## What you are asked to do
After finding the line with "Soft plush dog - toy, doodle" in the entries below, copy that line and each one after it exactly, through the last line, and omit pictures.

Records contained in a dataset:
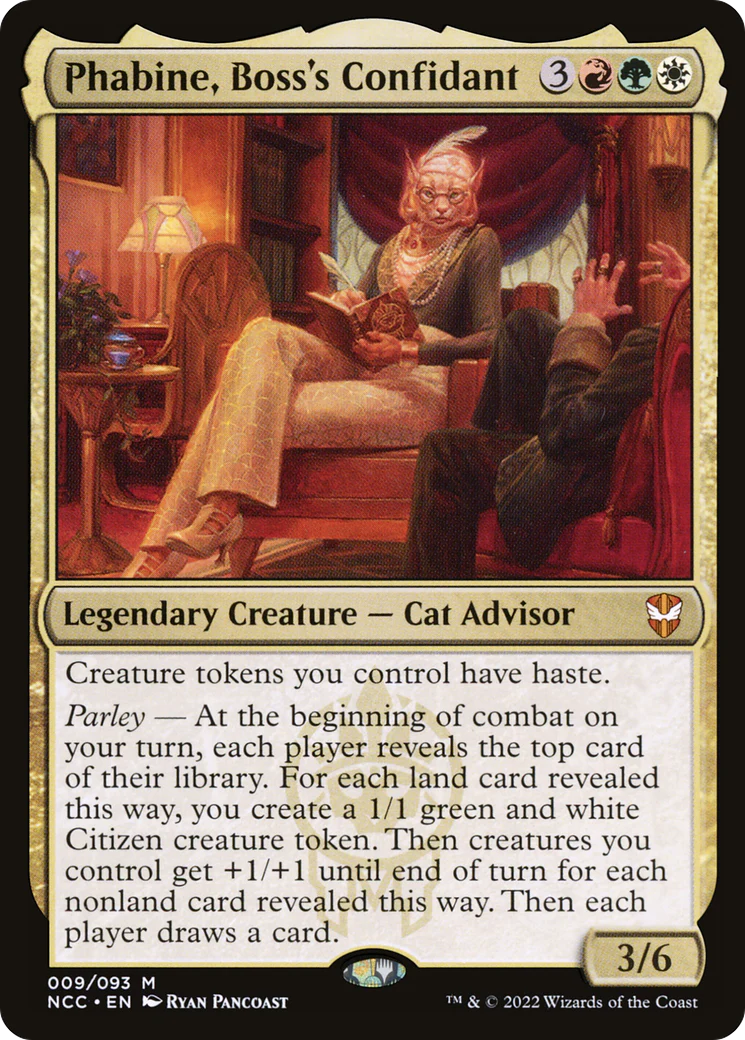 Phabine, Boss's Confidant (NCC-009)  - New Capenna Commander
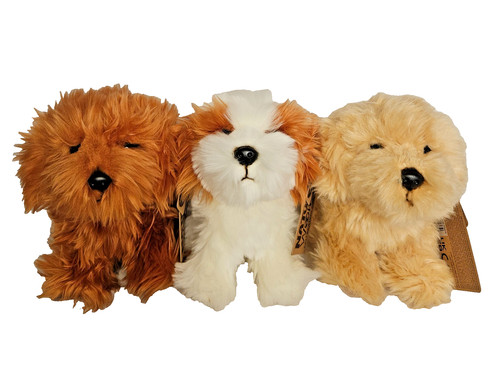 Soft plush dog - toy, doodle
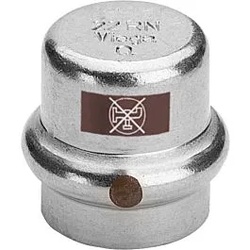 Viega Temponox Kappe 811976 22 mm, Stahl nicht rostend, SC-Contur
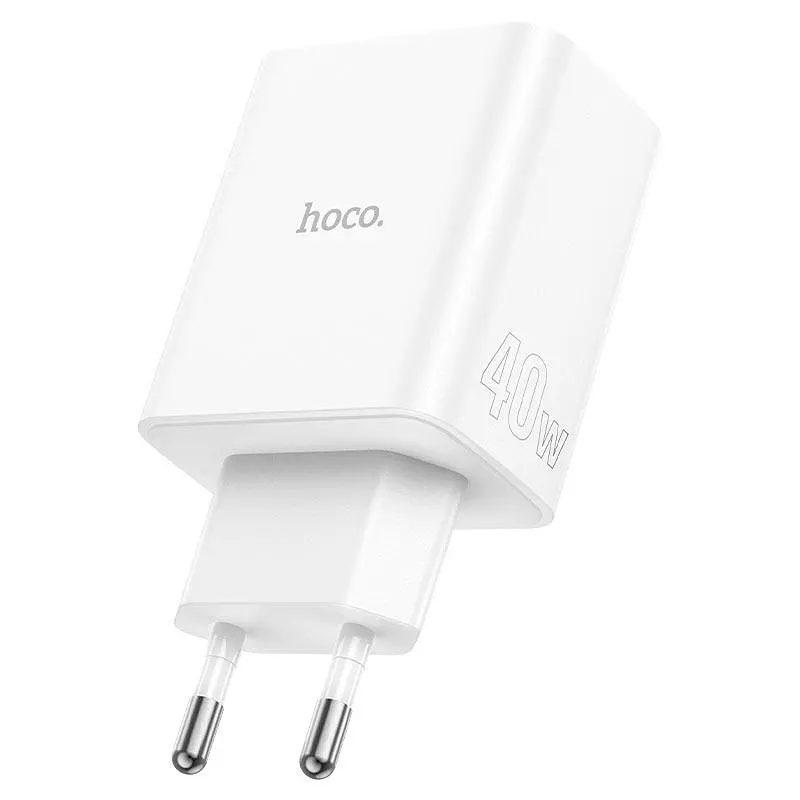 Зарядный адаптер блок питания 3 порта 40 вт Hoco C126a Pure power 3-port 40w - фото 4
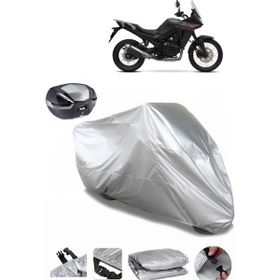 Coverplus Honda XL 750 Transalp Gri Arka Çanta Uyumlu Su Geçirmez Motosiklet Brandası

## Answer to the problem
 Soft plush dog - toy, doodle
 Viega Temponox Kappe 811976 22 mm, Stahl nicht rostend, SC-Contur
 Зарядный адаптер блок питания 3 порта 40 вт Hoco C126a Pure power 3-port 40w - фото 4
 Coverplus Honda XL 750 Transalp Gri Arka Çanta Uyumlu Su Geçirmez Motosiklet Brandası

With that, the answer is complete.